Wow. Wtf was the therapist doing to allow that sort of shit in group therapy! Did s/he challenge it?

You don't seem to have much respect for your current therapist? Join the club! (remember my dickhead comments upthread). It may be beneficial to find a therapist you respect?

Btw therapy doesn't work the way you are assuming - it isn't a rationale dynamic once you get down to the core work re you say something/therapist presents an argument back, reasoning with you. Core work is more about you/one accessing, embracing, your core self and then the whole thing has its own momentum. You have to have faith in, respect, the therapist to 'hold' you as you do this though.

Btw all of us who have been abused in childhood have the devil of a job accessing, much less embracing, our core selves. There is vast internal resistance to it. In the residential group therapy I mentioned it was those who had been sexually abused in childhood who by far struggled the most.

springydaffs · 25/09/2015 20:41

Struggled with it the most ie the resistance to accessing/embracing their core selves was fierce.

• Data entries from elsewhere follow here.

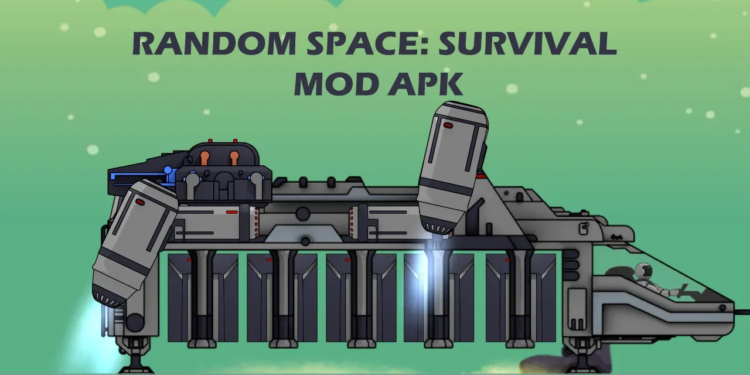 Random space survival mod apk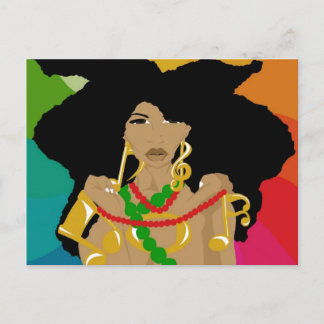 Neo Soulstress 3 (Sketchbook Pro) Briefkaart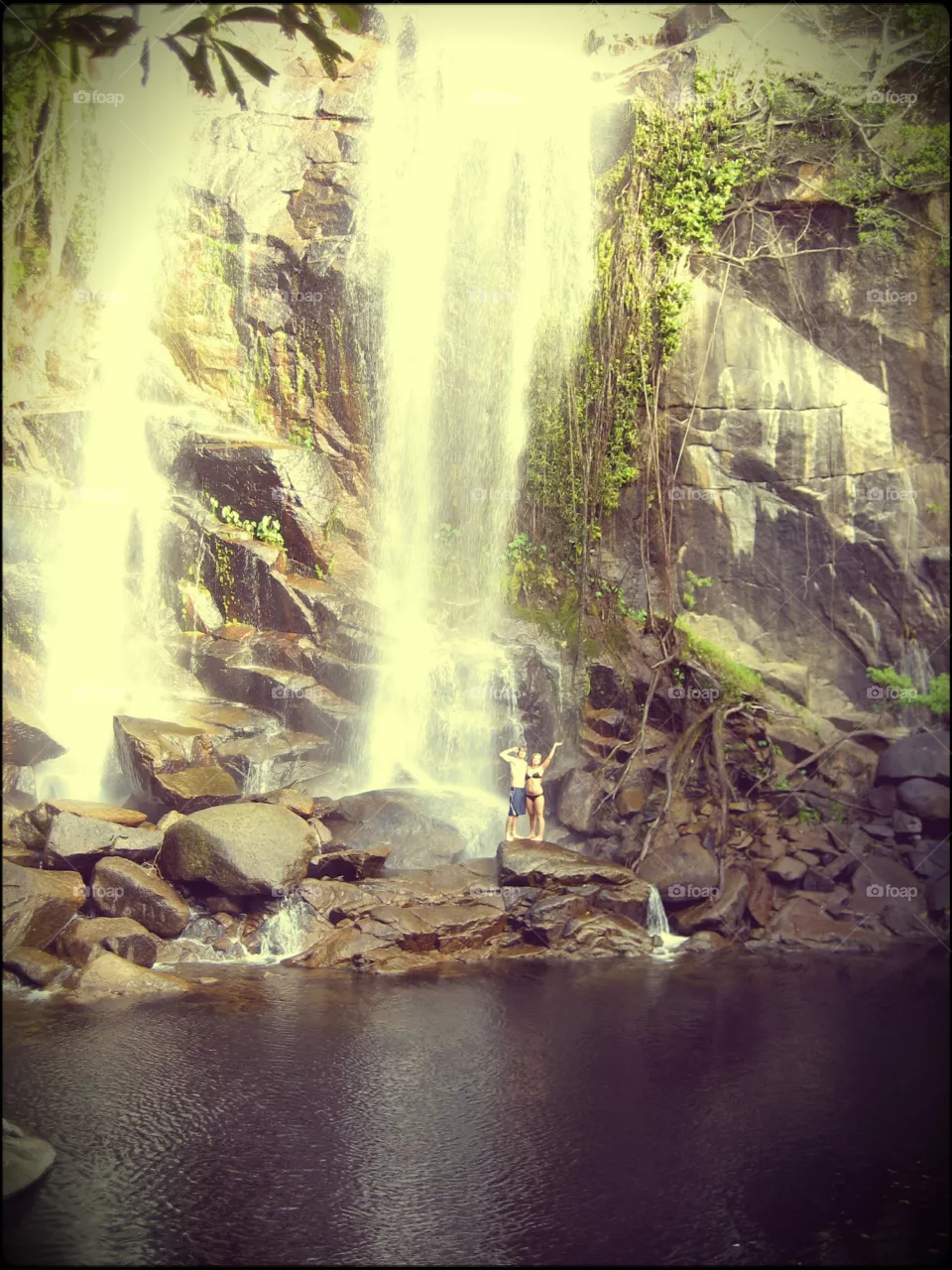 Water, No Person, River, Waterfall, Outdoors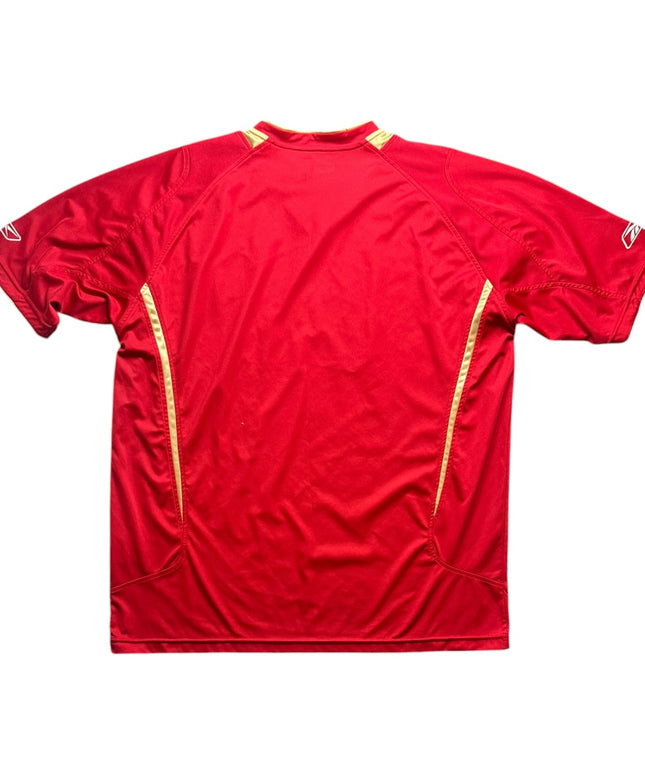 Liverpool Football Shirt Home European 2005/2006 (XL)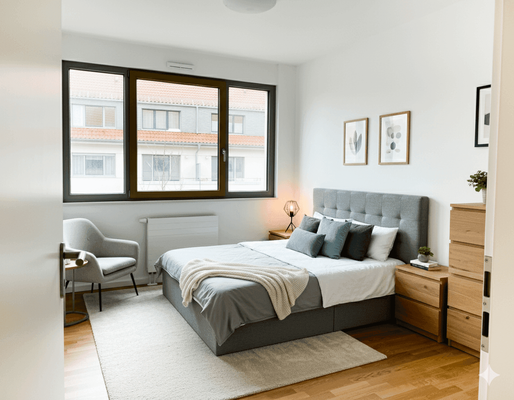 Modernes Schlafzimmer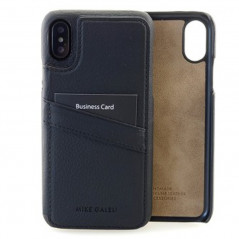 Coque cuir Mike Galeli THILO Series Apple iPhone XS MAX Noir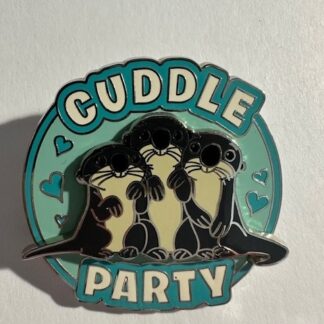 Otters - Finding Dory - Cuddle Party 2017 Disney Pn F6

ToGoBoldly · 25/09/2015 20:46

The first comment was the therapist! ConfusedConfusedConfusedHmm

So yea, not going back there....

I respect my current one but she can't seem to answer my question about why I should revisit bad stuff that happened 10, 20, or even 30 years ago, or what I have yo gain from that. Yes it may have been the first time I experienced rejection or whatever. But so what? I'm not feeling rejected now because I was rejected and abused as a child. I'm feeling rejected now because I am being rejected now. Its the current experiences that are hurting me. She won't accept that, but can't guve me a convincing reason why I am wrong. I gave an example, for example, of how every other woman I kmow has mamaged to have relationships with men,has had men approach them and thus can take their pick. But no men have ever wanted me to be their girlfriend. For weeks she just said she didn't believe it could possibly be true that men never approached me. It is true, i know it's true because I am living it. I'm not imagining it or making it up. I don't know why my current experiences are being brushed aside and I should just go back to my youth and then I shall be freed from the shackles. How can that be right?

The way you talk about nkt rationalising and instead embracing some intangible inexplicable process makes it sound like religion to me.